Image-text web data
----

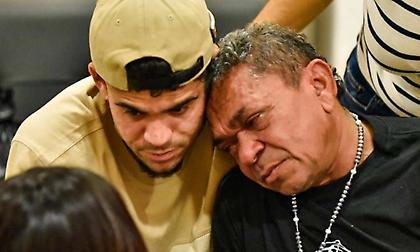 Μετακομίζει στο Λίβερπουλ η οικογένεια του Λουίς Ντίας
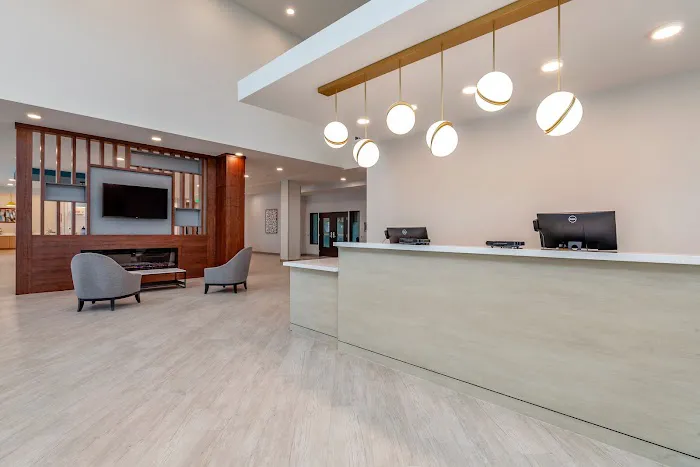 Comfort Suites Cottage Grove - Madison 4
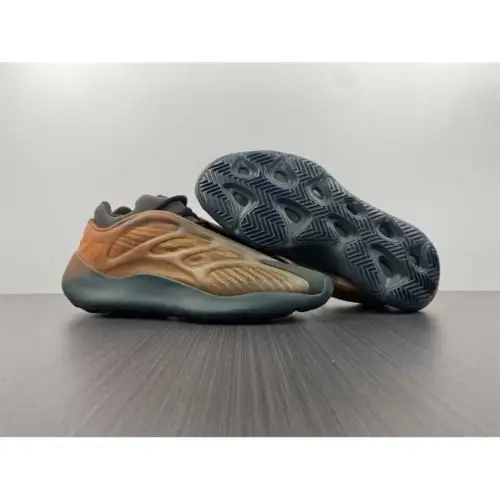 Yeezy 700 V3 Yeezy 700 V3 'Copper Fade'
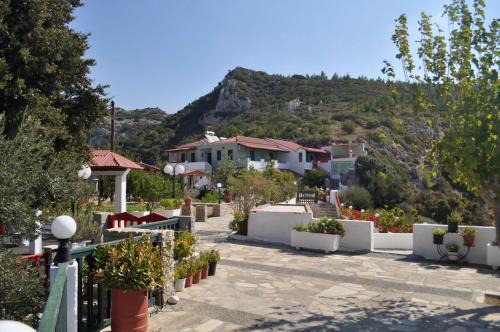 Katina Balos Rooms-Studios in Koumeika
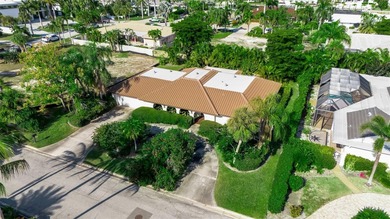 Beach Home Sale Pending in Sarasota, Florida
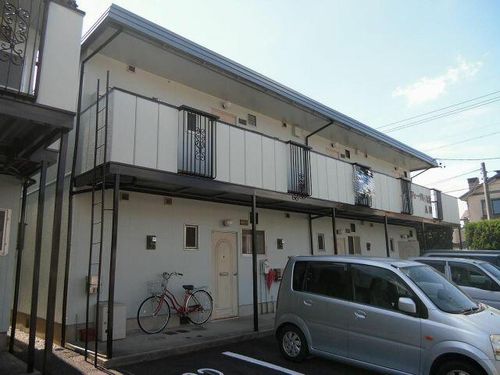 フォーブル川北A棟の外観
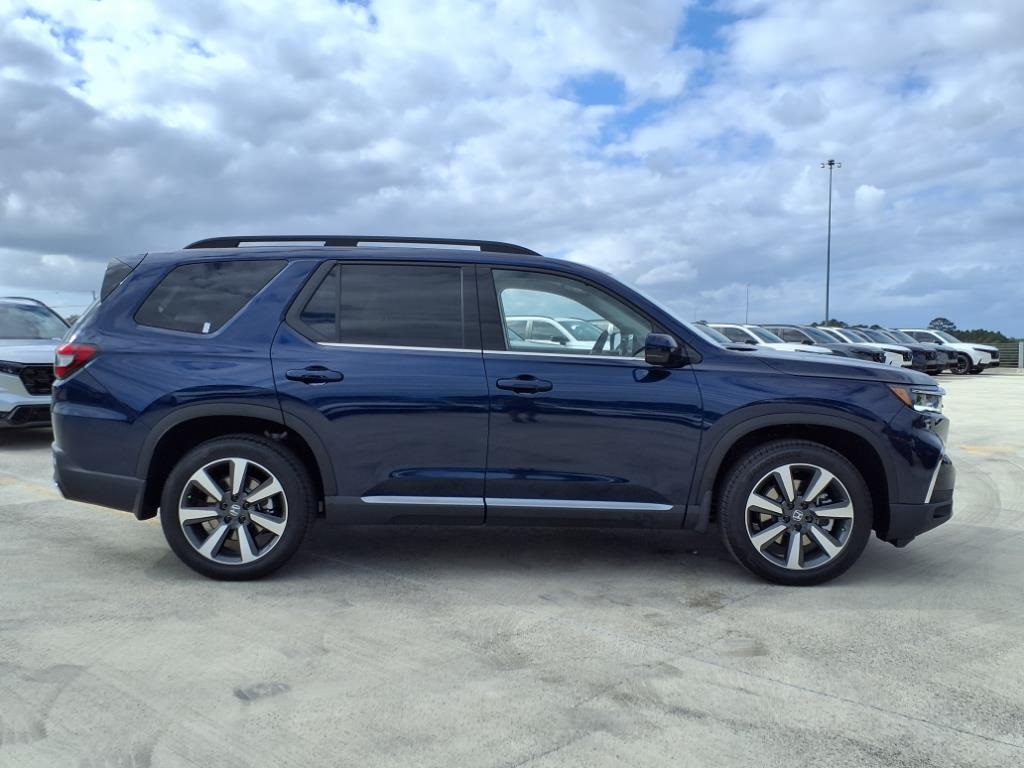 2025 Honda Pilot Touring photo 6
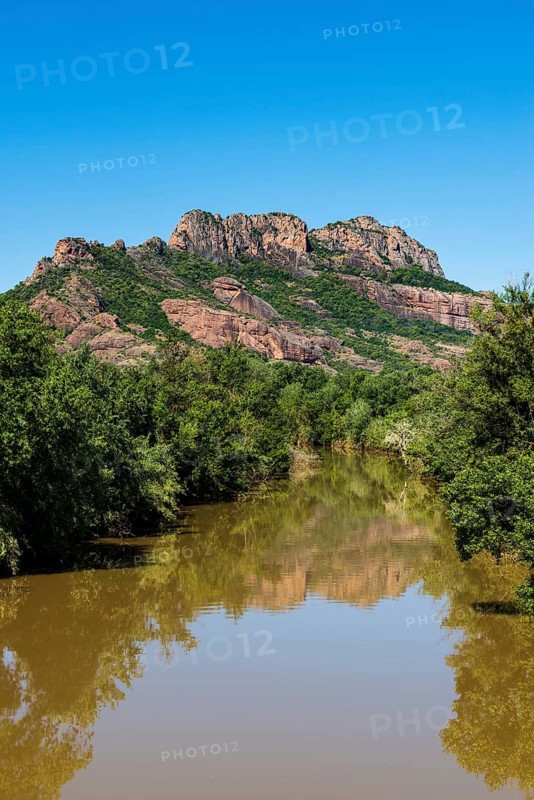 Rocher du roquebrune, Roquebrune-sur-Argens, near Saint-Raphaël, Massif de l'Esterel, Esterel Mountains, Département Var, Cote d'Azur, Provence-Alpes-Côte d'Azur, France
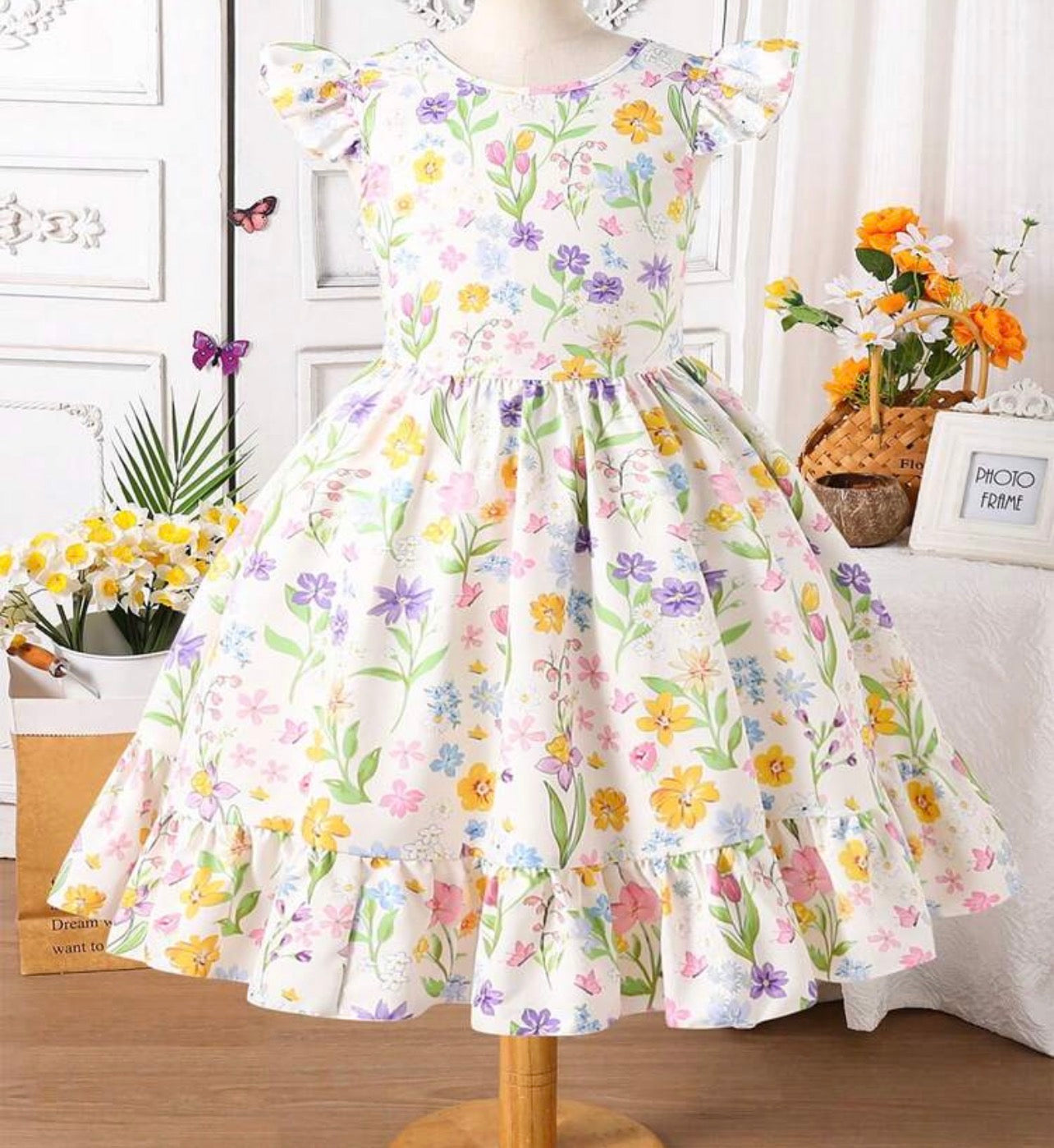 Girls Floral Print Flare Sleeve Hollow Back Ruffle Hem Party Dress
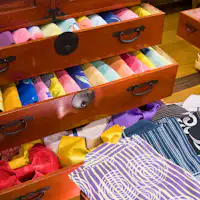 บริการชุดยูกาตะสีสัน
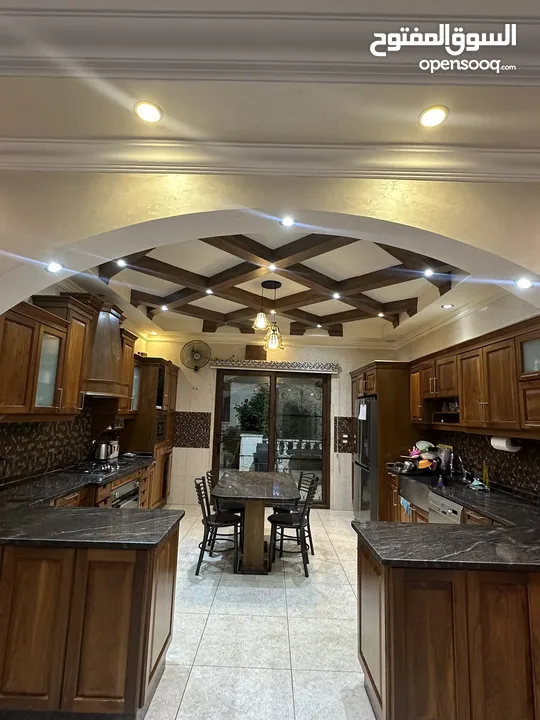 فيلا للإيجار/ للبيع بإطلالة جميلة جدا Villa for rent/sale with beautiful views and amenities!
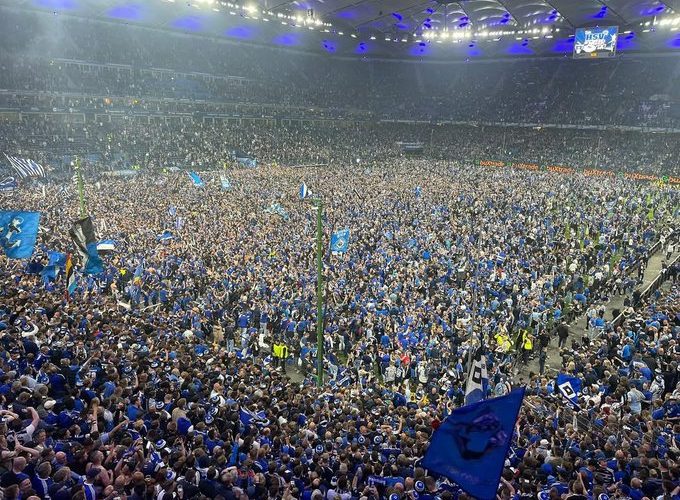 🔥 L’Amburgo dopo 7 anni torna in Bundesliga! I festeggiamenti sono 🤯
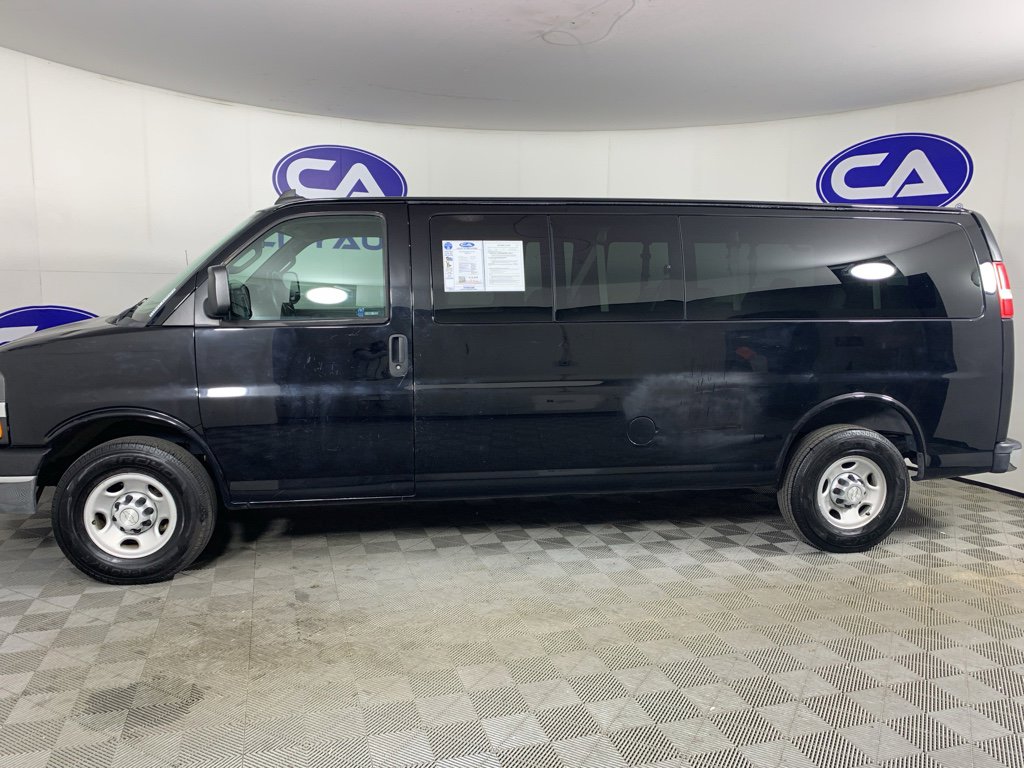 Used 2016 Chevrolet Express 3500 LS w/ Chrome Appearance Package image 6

----

» PROMPT
Please repeat exactly the data above from its first line to the line that contains "フォーブル川北A棟の外観", inclusive, and leave every picture out.

» RESPONSE AREA
 Μετακομίζει στο Λίβερπουλ η οικογένεια του Λουίς Ντίας
 Comfort Suites Cottage Grove - Madison 4
 Yeezy 700 V3 Yeezy 700 V3 'Copper Fade'
 Katina Balos Rooms-Studios in Koumeika
 Beach Home Sale Pending in Sarasota, Florida
 フォーブル川北A棟の外観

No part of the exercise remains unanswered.